You should form a study group with some people from your class and meet to work on this. You can bounce ideas off each other, and it’s easier to not be distracted if you work with other people. How long do you have to work on this assignment? You should also divide it up into smaller segments and treat each of those as an individual homework assignment, because that’s less overwhelming.
I’m sorry you are bored by one of the novelistic gems of the century.
@Haleth Thats a good idea, but none of my friends or the people I know have this assignment so that wouldn’t really work. My assignment is due next friday. @pdworkin Its not that the book itself is boring, its looking for literary elements throughout the whole book that is boring. Especially when you have to write over 40 pages about them.
Oooooooooh. I didn’t like Conrad either.
I always put on classical or instrumental music when I have to write something long or math-related (words distract me).
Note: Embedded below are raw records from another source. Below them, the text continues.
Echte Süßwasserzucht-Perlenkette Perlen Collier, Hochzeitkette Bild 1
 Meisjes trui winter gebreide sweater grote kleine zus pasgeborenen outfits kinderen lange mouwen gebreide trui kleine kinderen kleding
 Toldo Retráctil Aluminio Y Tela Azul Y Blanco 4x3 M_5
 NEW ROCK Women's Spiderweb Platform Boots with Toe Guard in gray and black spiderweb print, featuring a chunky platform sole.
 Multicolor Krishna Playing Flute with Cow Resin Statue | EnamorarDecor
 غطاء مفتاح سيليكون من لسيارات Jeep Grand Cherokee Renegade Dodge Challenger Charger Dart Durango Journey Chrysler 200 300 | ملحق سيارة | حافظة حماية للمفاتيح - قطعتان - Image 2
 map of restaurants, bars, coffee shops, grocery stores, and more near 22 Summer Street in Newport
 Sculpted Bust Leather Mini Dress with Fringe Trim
Also, so I don’t put it off, which I’m bad about, I just make myself jump right in and try to get it over with. It may help you to do a chapter at a time with breaks in between.
Another trick of mine is reminding myself that everyone I meet (and thus, everyone’s ideas that I read) knows something useful that I don’t, so I try to find out what it is. That way I get something out of everything.
Treat yourself afterward as an incentive and reward if it helps. Good luck!
Make sure to take small breaks every hour or two. Most importantly, DO NOT STRESS TOO MUCH OVER IT!
My daughter turned her most recent term paper into a rap. She covered all the points her teacher wanted but had fun writing it, plus she still got an A.
Can you be creative about how you express these literary elements?
Otherwise, do what many professional writers do: every day write for a set amount of time, say 30 minutes. Then stop. Start over the next day.
There are these dry periods, when a task becomes enormously boring and complicated because it is boring. There is little you can do except either a, drop the whole project or (b), slog through it. If the latter, there comes a stage, if the task is big enough, when the results justify the effort. Perseverance is the hard work you do after you get tired of doing the hard work you already did. ~Newt Gingrich. – painted on the wall of the Queen’s Park Oval, Port of Spain.
As you are writing, speak out loud in an over exaggerated accent. It sounds silly, but it works. You’ll be so interested in what you are saying that you’ll want to write more.
Write your journal entries in the same voice as the main character of the book. Incorporate the literary elements into situations in the story.
Tie it all together at the end as your entries descend into madness.
The DVD of Apocalypse Now has the original radio version of Heart of Darkness, by Orson Welles. Amazing stuff, that.